→ RECORDS:
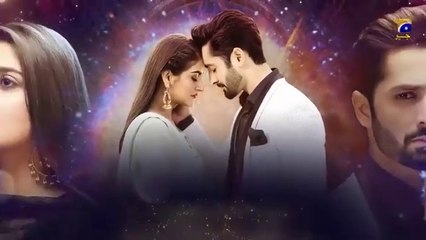 Deewangi Episode 14: Danish Taimoor & Hiba Bukhari's Romantic Drama Unfolds ❤️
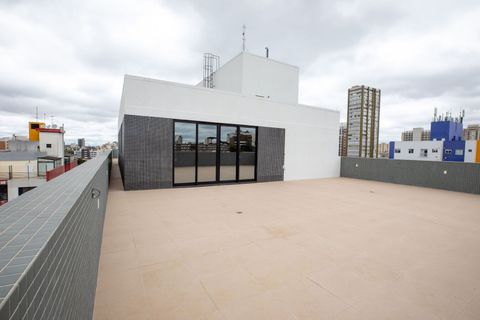 Foto Sala / Conjunto Comercial
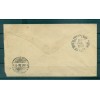Russia 1889-90 - Michel n. U 33 A - Intero postale 7 k.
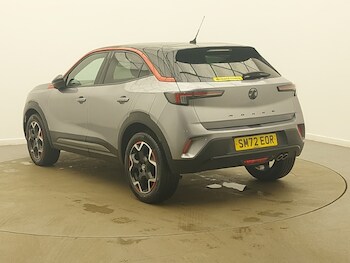 Used Vauxhall Mokka 2022 for sale - 77405800: Photo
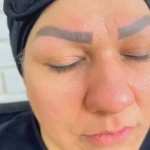 کلینیک زیبایی و پوست و مو ماه میس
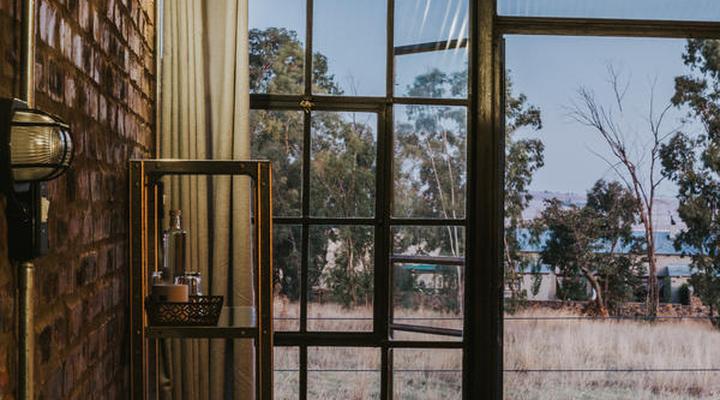 Farmstay @ Glen Cullen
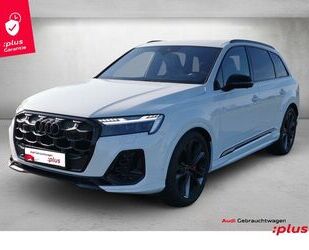 Audi SQ7 Gebrauchtwagen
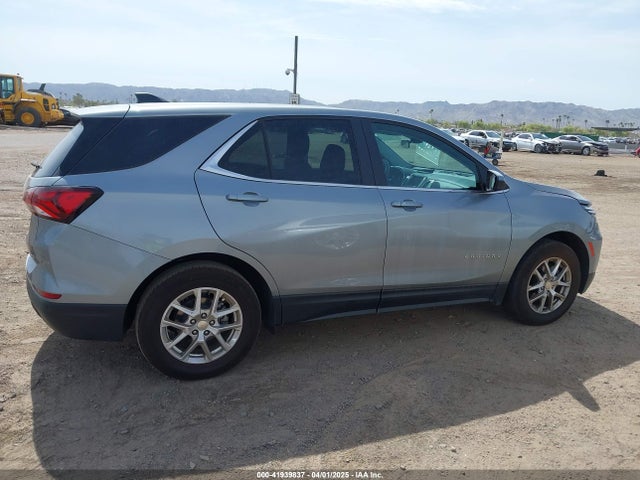 3GNAXKEG8RS146886 Chevrolet Equinox Fwd Lt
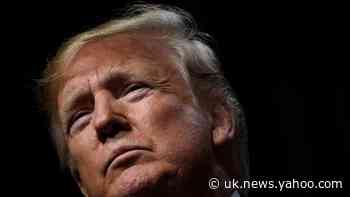 Trump Paid Just $1,500 in Federal Income Taxes in 2016 and 2017, Report Says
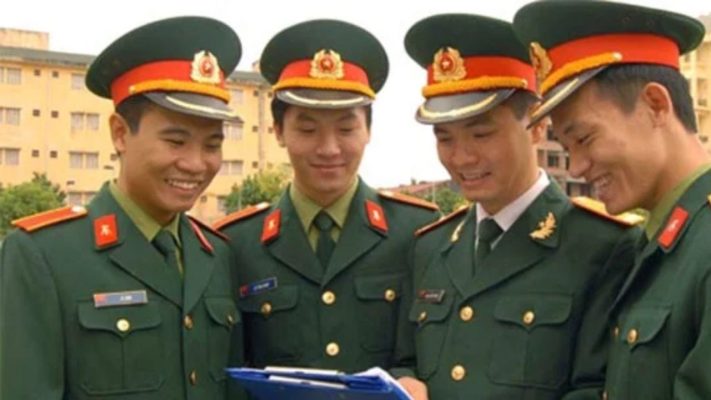 nghiêm trang,kỷ luật với những bộ Flai88 nhà cái OkVip nhân viên quốc phòng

→ PROMPT:
In the answer, set down only the lines from the opening line of the listing through the line that holds "3GNAXKEG8RS146886 Chevrolet Equinox Fwd Lt", exactly as they appear, minus the pictures.

→ THE COMPLETED TASK:
 Deewangi Episode 14: Danish Taimoor & Hiba Bukhari's Romantic Drama Unfolds ❤️
 Foto Sala / Conjunto Comercial
Russia 1889-90 - Michel n. U 33 A - Intero postale 7 k.
 Used Vauxhall Mokka 2022 for sale - 77405800: Photo
 کلینیک زیبایی و پوست و مو ماه میس
 Farmstay @ Glen Cullen
 Audi SQ7 Gebrauchtwagen
 3GNAXKEG8RS146886 Chevrolet Equinox Fwd Lt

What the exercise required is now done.